On 2010’s Cecile, her first and only album to date, the warm but powerful young vocalist Cécile McLorin Salvant offers songs like “Easy to Love” and “I Wonder Where Our Love Has Gone.” But at a recent New York gig in anticipation of her 2013 sophomore release, Woman Child, the 23-year-old had other topics on her mind, including death (“John Henry”), primality (“[You Bring Out] The Savage in Me”) and violence (“Outside of That”).

“I got to hearing more and more songs with really intense lyrics, and I wanted to add those in,” says Salvant of the period between recording her two albums. “I’ve been gleaning things from those kinds of darker subject matters. I guess it’s a part of life, so it’s always valid if I try to represent different aspects of life. Abbey Lincoln is a singer who greatly influenced me in her choice of repertoire, because it’s not always about ‘This man loves me’ or ‘He doesn’t love me’ or ‘I’m gonna cry.’ She had this conscious choice to think about repertoire in a different way.”

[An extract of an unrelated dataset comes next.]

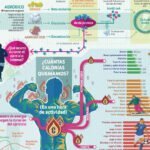 Descubre los roles clave de la nutrición deportiva en el metabolismo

But Salvant has been up to a lot more than listening to music since the recording of Cecile. In October 2010, after living in France for three years, she took first place in the Thelonious Monk International Jazz Vocals Competition, an achievement that made her career move “a little bit forward and faster.” She won by being herself, a fact that isn’t lost on the Miami-born singer. “On the finals night, I just did what I wanted to do,” recalls Salvant. “I was just, like, ‘Well, you know, I got this far. Let me just sing the songs that I like and not worry about anything else.'”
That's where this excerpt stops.